To calculate someone’s life expectancy, scientists look for molecular changes that take place in cells. This approach determines mortality risk by focusing on a person’s rate of aging (biological age) as distinct from their chronological age.
But a novel approach has emerged that takes information from routine blood tests carried out at a doctor’s office. Proponents of the new strategy suggest these readily-available measurements can be used as a practical, accurate and easy-to-interpret “lifespan calculator.”
Unlike genetic tests, which provide information that’s engraved in stone, the blood data used to establish biological age can be modified by lifestyle changes to increase an individual’s lifespan.
The new aging measure is called Phenotypic Age. Here’s how it works. . .
Women Age More Slowly Than Men
A team of scientists from various institutions such as Yale, Johns Hopkins, UCLA and the National Institutes of Health analyzed 42 biomarkers taken from 9,926 people who took part in the US National Health and Nutrition Examination Surveys (NHANES).
Taking six years (1988 -1994) of medical, lifestyle and mortality data, the researchers were able to identify nine key clinical measures that determined risk of death and life expectancy.
They then validated these nine biomarkers by looking at a further 11,432 people aged 20 – 84 taken from NHANES between 1999 and 2010.
The researchers found Phenotypic Age, compiled from the nine blood markers, predicted all-cause mortality consistently and accurately.
Women were found on average to have a lower phenotype compared to men of the same age, i.e. they aged more slowly.
Predicts Mortality Even Among Healthy People
If Phenotypic Age was much higher than a person’s real (i.e. chronological) age, the risk of dying younger shot up.
A quarter of the fastest-agers among 50 to 64-year-olds died over the following decade compared to only one in five of the slowest agers in the 65 to 84 age group.

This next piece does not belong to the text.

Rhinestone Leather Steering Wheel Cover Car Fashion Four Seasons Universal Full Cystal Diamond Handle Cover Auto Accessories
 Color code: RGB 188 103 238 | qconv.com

In other words, older people with a healthy Phenotypic Age were at less risk of death than younger people with a poor score on this metric.
For every additional year Phenotypic Age was above chronological age the risk of death rose by 14, 10 and 8 per cent in those aged 20 – 39, 40 – 64 and 65 – 84 respectively. To unpack that and make it more graphic, a 25-year-old with a Phenotypic Age of 26 was at 14% greater risk of death than a 25-year-old with a Phenotypic Age of 25.
In short, being “old for your age” is not a good thing.
The authors wrote, “The finding that Phenotypic Age was predictive of mortality among both healthy and unhealthy populations is novel.
“…we were able to show that Phenotypic Age was predictive of all-cause mortality among disease-free, healthy older adults.
“This suggests that Phenotypic Age is not simply a measure of disease or morbidity and instead may be a marker that tracks the effect of aging before diseases become clinically evident.
“This suggests that in a clinical setting, Phenotypic Age could be used to stratify risk among persons who otherwise ‘appear’ healthy.”
I think this figure could be useful for motivating people. Compared to the usual “You need to get your blood pressure down, you need to get your blood sugar down, etc.”, this test provides a vivid reminder that you’re literally taking years off your life if you don’t.
The Nine Biomarkers of Aging
These are the metrics the test uses, and what they may indicate:
- albumin: liver or kidney disease
- creatinine: kidney problems
- glucose (blood sugar): insulin resistance/diabetes/metabolic syndrome
- C-reactive protein: marker of inflammation
- lymphocyte per cent: immune system problems
- mean cell volume (size of red blood cells): anemia or vitamin deficiencies
- red blood cell distribution width (shape/size of red blood cells): anemia, nutritional deficiencies, liver disease
- alkaline phosphatase: liver or bone-related problems
- white blood cell count: compromised immune system or bone marrow disorder
Commenting on the research, Dr. Morgan Levine, pathologist at Yale and lead author, believed the test’s biggest advantage was in preventing disease developing in those at high risk.
“It’ll show you how you can reduce their risk because you can plug all the numbers in and see how the risk drops if they bring their glucose down for example,” she said.
Dr. Levine and her team are now working on the next step: to develop concrete ways for people to slow down or lower their biological age.